I note that by "heavy" I assume you're meaning relative to the individual's strength. I don't claim to know about 300kg squats, I'm talking here about the typical person I have coming to my gyms, where it is rare to see a twice a person's bodyweight on the barbell.
I have heard of the dangers of deep squats many times, including from exercise physiologists. None have been able to tell me exactly the nature of the injury risked by deep squats.
I can tell you about the injuries risked by bench-pressing, by improper deadlifting, by "power curls", by kipping pullups, and so on. And exercise physiologists and the like can tell us in greater detail than me.
But nobody can tell me exactly what bad things are supposed to be happening to the knees during deep heavy squats. They start talking about forces etc, when I ask which muscle or ligament is going to tear, they cannot tell me. Nor can they give examples of healthy individuals who have been injured while performing deep squats with correct technique.

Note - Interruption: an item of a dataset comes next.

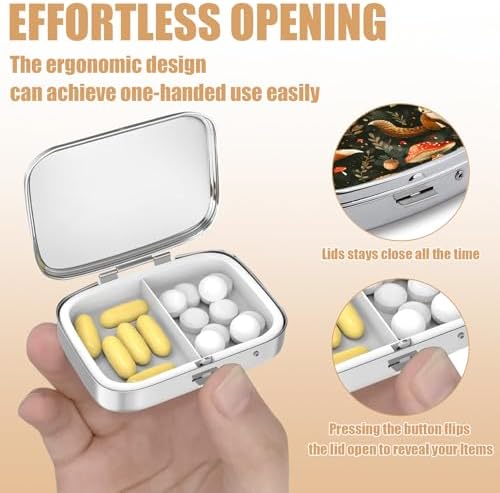 Pill Box-2 Compartment Small Pill Case Square Organizer Case with Mirror Portable Metal Medicine Box Travel Container for Pocket & Purse Women Men（Cute Fox Mushroom）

In gyms I get many people come to me, I say, "we'll start you out with a simple bodyweight squat, let's see how you do it."
"Squats hurt my knees."
"Show me how you squat."
They stand with feet shoulder-width apart, kneel down onto their toes, and their knees collapse inwards. Since they're bending their knee in a way it's not designed to bend, I'm not surprised it hurts. I then teach them correct squatting technique and it's almost alway okay - the only exceptions so far have been one guy who'd had a botched knee reconstruction and the femur and tibia were in direct contact, and another guy who had arthritis.
As for how deep to go, I would observe that sitting in a parallel squat position against the wall is used as a punishment in the military, whereas sitting in a deep squat is done every day by about 3 billion Asians and Africans.
The parallel squat causes pain, the deep squat is used as relaxation. In general, pain is the sign of an increased risk of injury, that's the way our bodies work. So I say: go deep.
It's quite right to consider a person's goals when thinking of which exercises to perform, and how to perform them. Looking at the typical gym-goer we have to consider first of basic health. Good health is the basis of good looks and good performance. So what about the health of the beginner? Our bodies don't only adapt to what we do in the gym, but to our day-to-day lives as well. Our Western society is a seated society, we sit down for work, sit down for transport, and sit down for leisure. Our bodies adapt to that. Our hamstrings are unused but tight, our glutes and abdominals are unused. As a result we get anterior pelvic tilt, lower back pain, torn hamstrings in sports with vertical jumping, and so on.
So the problem is that our abs, glutes and hams are weak. Abs are a postural muscle, best worked by maintaining posture - if you can stand up straight with even 40kg on your back, you can stand up straight with no weight. As for glutes and hams, they are hip extensors - they straighten the leg at the hip. In a bicep curl, the biceps are worked more going from straight out to bent right up than those half-curls you see. Likewise, the more the hip is flexed the more the glutes and hams are worked.
Tight hamstrings will also be more loosened by a deep squat than a shallow one. I have a client who began at 165kg bodyweight, with no stretching except a few times after a workout to lessen DOMS, he has improved his mobility so that he can now touch his toes. How? Deep squats.
Thus, deep heavy squats will strengthen the muscles made weak by our Western seated lifestyle, improving our posture, and improve joint mobility. Parallel squats will not strengthen nor loosen those muscles as much. Deep squats mean we use weak muscles. This is why most people avoid deep squats - they're bloody hard. They would rather use their strong muscles than their weak. Thus the legions of bench press and curlz boyz in the gym.